LOS ANGELES (CN) — California on Tuesday defended its voter-approved congressional district map as a purely partisan gerrymander against the Republican claim that it was an unlawful, racially motivated attempt to benefit Hispanic voters.
At the second day of an evidentiary hearing before a trio of federal judges in Los Angeles, the state’s expert witness Bernard Grofman, a redistricting specialist at UC Irvine, testified that the Proposition 50 map — approved by voters last month with the goal of giving Democrats five more seats in the U.S. House of Representatives — was a classic case of partisan gerrymandering.
“I have no doubt in my mind that this was partisan gerrymandering,” Grofman told the court. “The evidence of racial preponderance is weak to nonexistent.”
The California Republican Party joined by the Trump administration are seeking a preliminary injunction to stop the state’s new map from being used in next year’s midterm elections.
They will need to convince the court that new electoral map was motivated more by racial consideration rather than partisan or political ones, even though California Governor Gavin Newsom and other state politicians have said they sought to add more Democratic seats in Congress in response to Texas adding more Republican seats.
While racial gerrymandering — where race is the predominant incentive in creating voting districts — is largely unconstitutional unless there are compelling reasons under the U.S. Voting Rights Act to ensure minority groups can elect representatives of their choice, the U.S. Supreme Court has washed its hands of partisan gerrymandering disputes.
This has left states free to create voting maps that benefit the party that controls a state’s legislature.
California’s map used traditional gerrymandering tools to increase the likelihood that more Democrats will be elected to Congress by “cracking” and “packing” districts now held by Republican representatives, Grofman said.
Out of the nine congressional districts in California now held by Republicans, he said, five were cracked such that Republican voters were removed from them and Democratic voters added.
“They were chopped to bits,” Grofman told the court. “That’s what cracking means.”
The four remaining Republican districts were packed by adding more Republican voters in them, he said.
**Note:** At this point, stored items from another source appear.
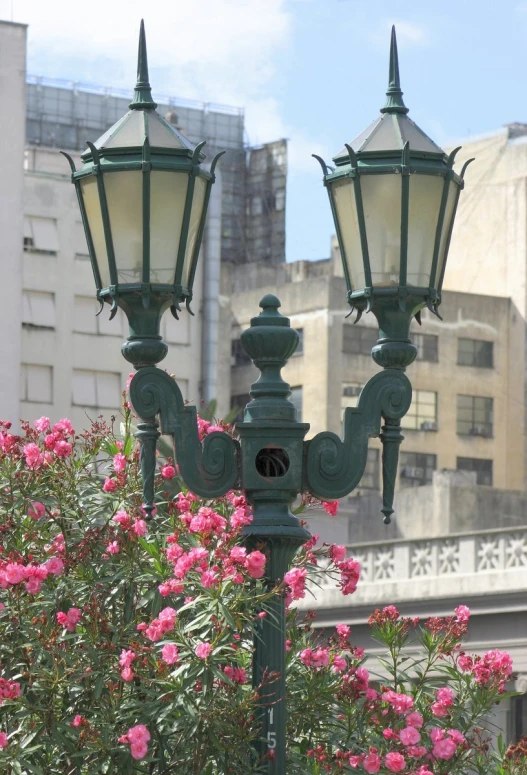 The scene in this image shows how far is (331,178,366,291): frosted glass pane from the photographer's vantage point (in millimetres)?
8711

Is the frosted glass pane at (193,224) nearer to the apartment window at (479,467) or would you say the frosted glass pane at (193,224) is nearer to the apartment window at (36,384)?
the apartment window at (36,384)

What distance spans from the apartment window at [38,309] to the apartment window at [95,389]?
171cm

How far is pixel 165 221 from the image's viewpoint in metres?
8.56

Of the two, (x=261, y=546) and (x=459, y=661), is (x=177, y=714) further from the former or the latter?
(x=459, y=661)

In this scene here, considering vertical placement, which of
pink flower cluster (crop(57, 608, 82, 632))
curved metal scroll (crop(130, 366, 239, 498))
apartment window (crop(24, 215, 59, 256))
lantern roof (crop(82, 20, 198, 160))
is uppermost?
apartment window (crop(24, 215, 59, 256))

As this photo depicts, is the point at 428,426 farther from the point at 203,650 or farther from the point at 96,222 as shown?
the point at 96,222

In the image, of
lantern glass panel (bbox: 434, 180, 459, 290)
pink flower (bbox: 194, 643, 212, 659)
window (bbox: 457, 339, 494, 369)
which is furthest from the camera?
window (bbox: 457, 339, 494, 369)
In addition, vulnerable Democratic districts had additional blue voters added to them either from safe Democratic districts or from districts that previously had a Republican majority.
“The tools of partisan gerrymandering have been used in a way that you would expect them to be,” Grofman testified.
On Monday, Sean Trende, a senior election analyst with the conservative political news site RealClearPolitics, told the court that the new border of California’s 13th Congressional District, a swing district that voted for Trump last year, revealed that the state’s mapmaker was more concerned with adding Hispanic voters to the district than Democratic ones.
Comparing demographic maps that showed Democratic voters and Hispanic voters, Trende said some of the unusual shapes of the new district map can only be explained by the mapmaker wanting to include heavily Hispanic blocks around the city of Stockton in the district while ignoring heavily Democratic blocks.
Grofman, however, argued that the only way to add more Democratic voters to District 13 was to go north and add a chunk of Stockton, a mixed race city, which invariably meant that more Hispanic voters would be added. At the same time, he said, the mapmaker had to be cautious not to remove too many Democratic voters from neighboring District 9.
Given that a large chunk of Hispanic voters in California tend to vote Democratic, it wasn’t surprising that, to increase the number of Democratic voters in a district with racially mixed communities, more Hispanics voters got added, according to Grofman.
Whether race or politics predominated in the drawing of the state’s new voting districts will be up to U.S. Circuit Judge Kenneth Lee, a Donald Trump appointee, U.S. District Judge Josephine Staton, a Barack Obama appointee, and U.S. District Judge Wesley Hsu, a Joe Biden appointee.
The Republican bid to invalidate California’s redistricting might have been made more difficult by the Supreme Court’s decision earlier this month to rebuff a similar challenge to Texas’ redistricting.
Over the dissents of the three liberal justices, the conservative majority reprimanded a lower court for throwing out Texas’ newly minted map “on the eve of an election.”
“The district court improperly inserted itself into an active primary campaign, causing much confusion and upsetting the delicate federal-state balance in elections,” the court wrote in an unsigned order.